人们在将一条河流尊称为“母亲河”的同时,他们的意思是否是要说他们本身就是河流,是与河流同一的?事实恰恰相反,对黄河的尊崇很大程度上是源于他们的恐惧,如果从字形搭配来分析,法这个字的原始喻义应该是“排水”。历朝历代河流的绝堤和改道,它仿佛脱缰野马般的难驯之姿都令百姓和官员们望而生畏,幸好有大禹这位救世主横空出世救万民于水火之中。洪水对于他来说简直就是一次政治考验,通过治水这架天梯,他达到了治天下的最高权力宝座。所谓水能载舟,亦能覆舟,文学的转义将水和人民的两面性(奴性与叛逆性)挂起钩来,从而使河流变身为一个关于国家管理的重要隐喻,也使任何破坏固有秩序的行为和思潮拥有了一个专业术语――洪水猛兽。

由于洪水所实施的是一种流寇战略,它在摧毁村庄、乡镇,围困城市和山峦的同时,也在默默地支持着农民起义的方法论,因而,水灾一直被认为是王朝气数将尽的“异兆”。中国的君主们总是希望最大程度地控制水利,这是一个农业的技术问题,也是一个人事问题,它已潜移默化为政治生活中的内部核心概念。韦伯认为,“城市的繁荣并不取决于市民的经济与政治魄力,而是取决于朝廷的管理职能,尤其是对江河的管理。”隋炀帝开凿大运河的梦想换来的却是一场轰轰烈烈的农民起义,这与其说是过于严苛的劳动强度和工资水平没有保障民工的谋生底线,毋宁说是隋炀帝放弃了顺应河流的流向这一天经地义的自然观而被民众认为是大逆不道的,触动了他们的道德底线,从而也就失去了继续主政的机会。

韦伯的另一个说法也很有趣,他说中国的君主首先是一个“祈雨师”。雨水作为一个气象学(在古代应该归入天文学的范畴)上的难以预测之物,除了少数能够夜观天象的专业人士之外,并不具有很强的可操作性。旱情发生时,祈祷就成为唯一有效的手段(道士和僧人能够获得官方或民间赏识的捷径就是成功的祈雨),皇帝必须能够保障雨水的充沛,缺雨或缺水总会导致皇帝权威的危机,并且迅速转化为道德上的抨击。天雨与河流的关系就像是一个家庭中的两位成员。风调雨顺只是手段,其目的不外乎是促进农业生产,丰沛的雨水能够保障农田的正常运作,但如果天公不作美,以河流为中介的灌溉调节就是最重要的维持手段。

皇家将人为的灌溉视作恩典;尽管担负着封建王朝思想基石的重任,儒家伦理学所承认和推崇的却是河流的本性。
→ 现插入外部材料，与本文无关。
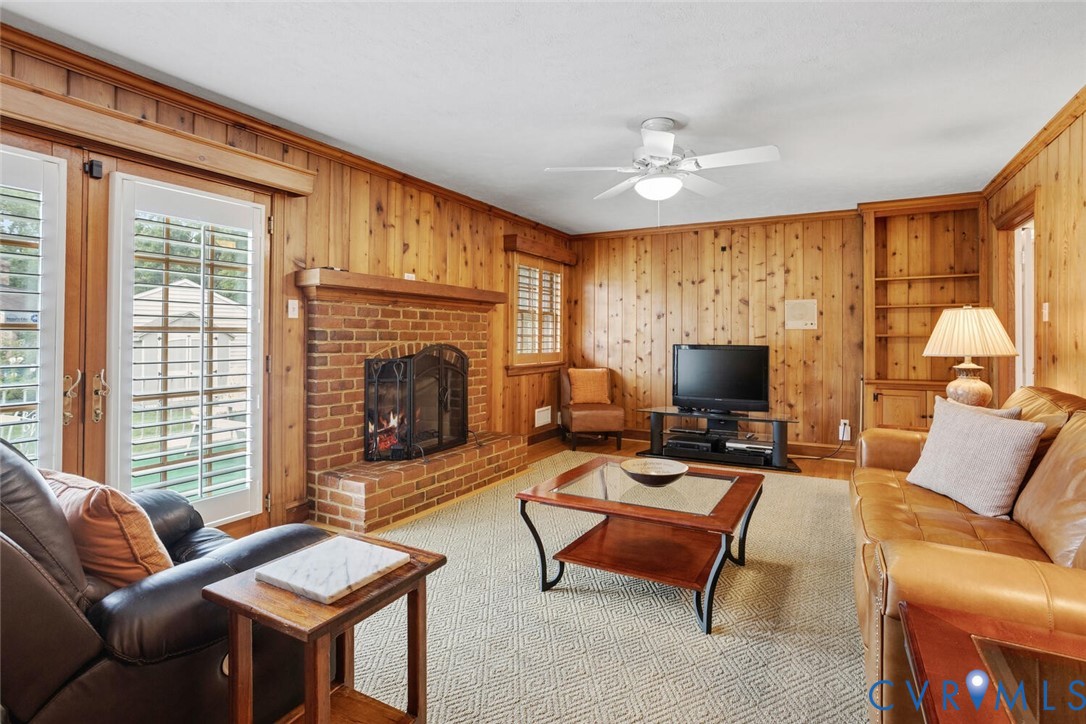 307 North Wilkinson Road Richmond, VA 23227 - Photo 11 of 48 Family Room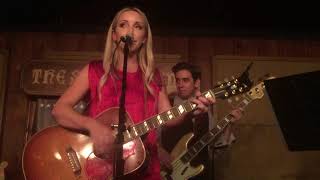 Ashley Monroe &quot;Weed Instead of Roses&quot; (Nashville, 14 September 2018)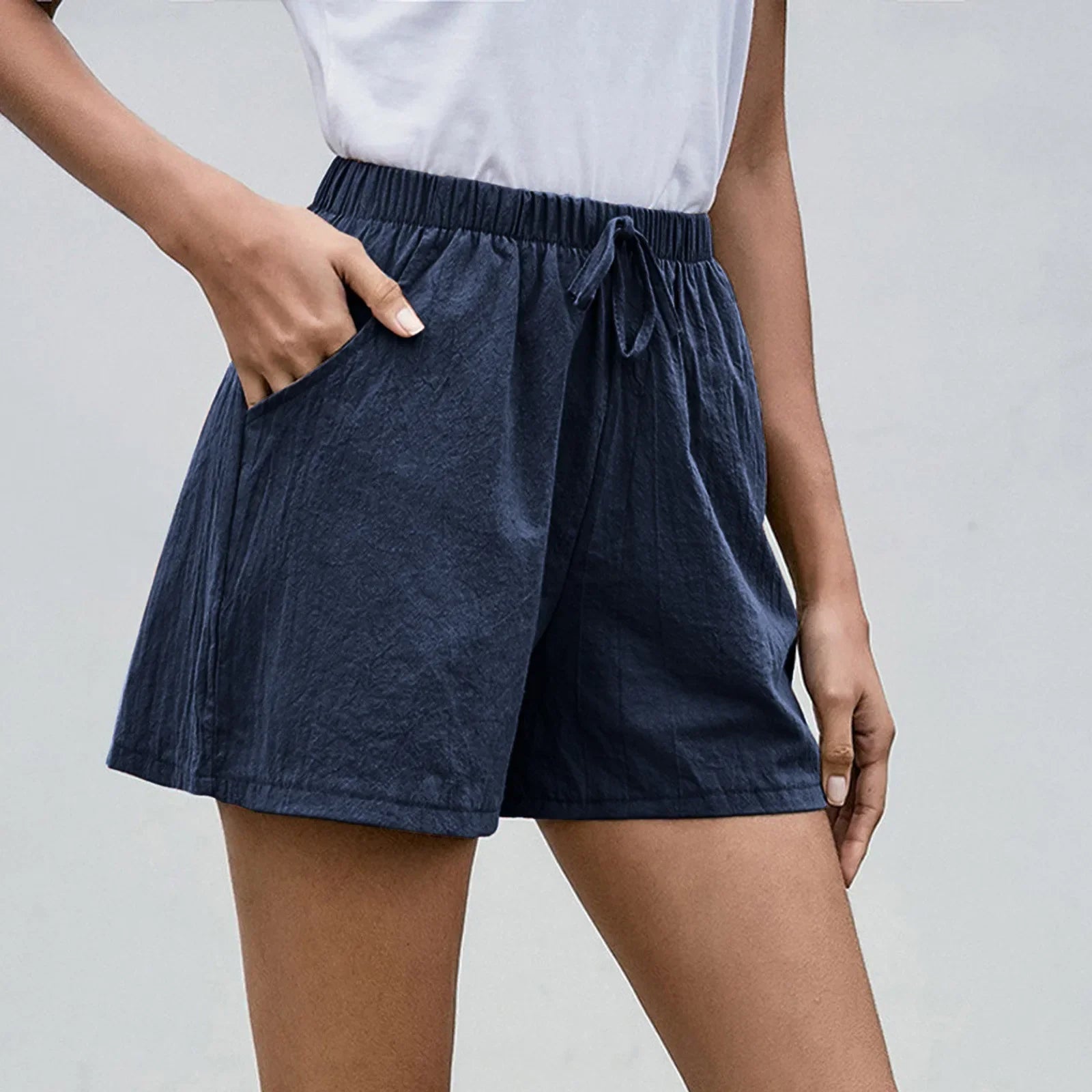 Aurelie Fontevraud | Casual Linen Shorts with Drawstring Waist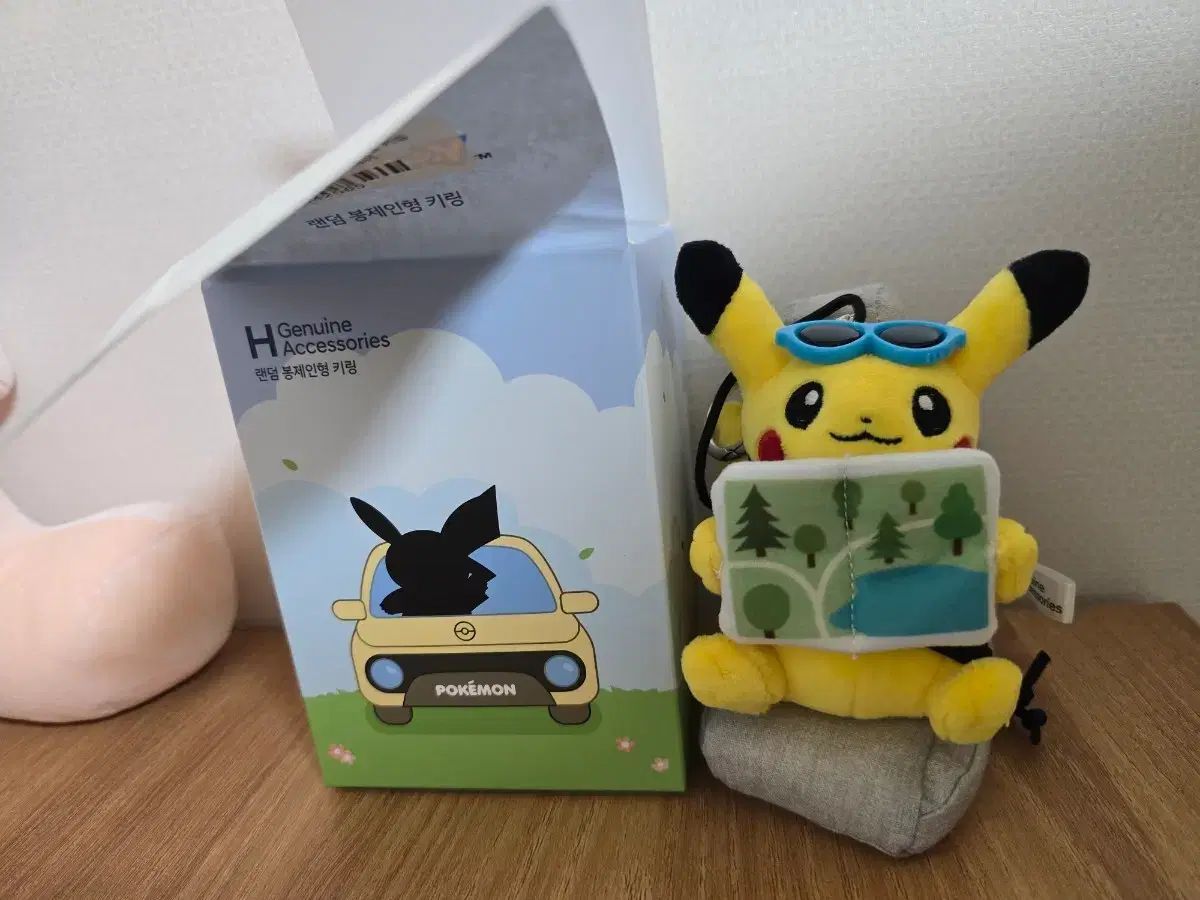 HYUNDAI 自動車 ポケットモンスター ぬいぐるみ キーホルダー ピカチュウ 出品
《论语·雍也篇》中的名言“知者乐水,仁者乐山”强调的是相对于沉静的山的水之动感。《孟子·离娄章句》(下·十八)记录孟子的弟子徐辟转述孔子所说的话:“仲尼亟称于水曰:‘水哉!水哉!’”。徐辟不明白孔子肯定的是水的哪些方面,于是求教于孟子。孟子回答这个问题时很巧妙地将其引向了自己的理论框架之内,在肯定奔流不息的“水性”之后将理论视角转向它的源头,这种观念后来因朱熹之口而广为人知――“为有源头活水来”。讲究源流和文脉,是祖宗崇拜的变体,孟子的目标已经非常明确,就是保障既定的权力规范和制度网络不受损害。在对《周易》的卦象和黄河之中升起的河图的阐释中,卜筮者所预言的是事物的变化规律,而孔孟之道越来越远离这种对未来可能性的痴迷,他们将自己的时钟调向了过往岁月中的典籍、传说和法律。孟子反对人力加诸于河流;而孔子致力于复兴礼制,这是以道德之流为线索的拓朴学结构,它们控制了生活中每一个节点,依托其建立起道德的市镇,其实质仍与极权的封建王朝站在同一立场之内。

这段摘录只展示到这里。